Aquel «horror» de la obra de la plaza de España

Javier Becerra
Javier Becerra CRÓNICAS CORUÑESAS

A CORUÑA CIUDAD

30 sep 2016 . Actualizado a las 11:23 h.

Se dice un poco en broma, pero hay quien sostiene que la mejor manera de perder una alcaldía en A Coruña es hacer obras. Existe algo de verdad. Si no haces nada, nada se te puede criticar. La inacción desgasta, pero ¿políticamente sale más a cuenta meterse en berenjenales de hormigón, cortes de tráfico y molestias a los vecinos o permanecer paralizado? «Depende lo que se haga», dirá el lector apelando al sentido común. Pues no. A veces no.

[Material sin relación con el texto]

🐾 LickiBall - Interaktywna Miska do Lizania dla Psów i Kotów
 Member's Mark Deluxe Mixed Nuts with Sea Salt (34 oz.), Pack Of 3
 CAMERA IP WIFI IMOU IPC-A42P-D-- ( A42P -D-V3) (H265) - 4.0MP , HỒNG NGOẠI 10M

Javier Losada inaugurando la plaza de España en febrero del 2011 con los vecinos dándole la espalda en señal de protesta
Javier Losada inaugurando la plaza de España en febrero del 2011 con los vecinos dándole la espalda en señal de protesta CESAR QUIAN

Pensaba en ello hace unas semanas cuando fui a comer a la plaza de las Atochas, justo donde empieza Orillamar. Sábado. De camino al local, paso por la plaza de España. Ambientazo. Terrazas llenas. La mayoría de los locales con apenas un lustro de vida. «Parece La Latina», comenta uno. Sigo. Me encuentro un parque infantil en donde otrora se erigía Millán Astray. Desprende la misma alegría que la zona de los columpios que dejo atrás. Camino un poco. Llego al restaurante. Menos mal que habíamos reservado: ni una mesa libre. Nos sentamos fuera. Aceras amplias, un seto separando la calzada. Poco tráfico. Paz.

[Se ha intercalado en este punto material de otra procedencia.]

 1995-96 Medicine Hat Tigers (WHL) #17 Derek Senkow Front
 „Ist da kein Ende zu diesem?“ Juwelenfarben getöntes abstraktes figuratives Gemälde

El ambiente se traslada a Orillamar, al menos al inicio de la calle, con coquetas terrazas y árboles. Le dan un aspecto totalmente diferente al que tenían hace una década. «¡Cómo ha cambiado esto, eh!», dicen en mi mesa. Y, sí, ¡vaya si ha cambiando! Todo. Desde la plaza de España hasta Orillamar la transformación es total. Cualquiera la pondría como ejemplo de paso adelante, de humanización del espacio dentro de las posibilidades que este tiene (el edificio-mazacote no hay quien lo arregle) y de mejora de una zona urbana. Ahora goza de un inusitado esplendor, cuando antes enfilaba la decadencia.

No se percibía así en el 2011. En absoluto. Pese a contar con la firma del arquitecto Felipe Peña, el proyecto de reforma que jugaba con recuperar el antiguo Campo da Leña fue muy criticado. Los vecinos, muchos escocidos por la polémica obra del Papagayo, veían cómo se esfumaban nuevas plazas de aparcamiento entre peatonalizaciones y ensanche de aceras. Lo mismo con Orillamar, vendido como un bulevar. Menos aparcamiento. Dificultad para dejar el coche en doble fila. Mofas al diseño. Y, por supuesto, mucho postureo urbanístico. De ese con el que no te atreves a decir: «Pues a mí la verdad es que me gusta». Porque te comen.

Cinco años después, tomando algo allí maravillado, no me quedan dudas respecto al acierto rotundo que supusieron las dos obras. Juraría que es una opinión general. Más allá de expertos, la ciudadanía las ha validado usándolas, disfrutándolas y viviéndolas. Javier Losada, el alcalde que las impulsó, perdió las elecciones poco después de inaugurarlas. Ahora tenemos ahí el Parrote y la Marina que, en parte, le costaron la alcaldía a Carlos Negreira. A ver en cinco años qué piensa la ciudadanía.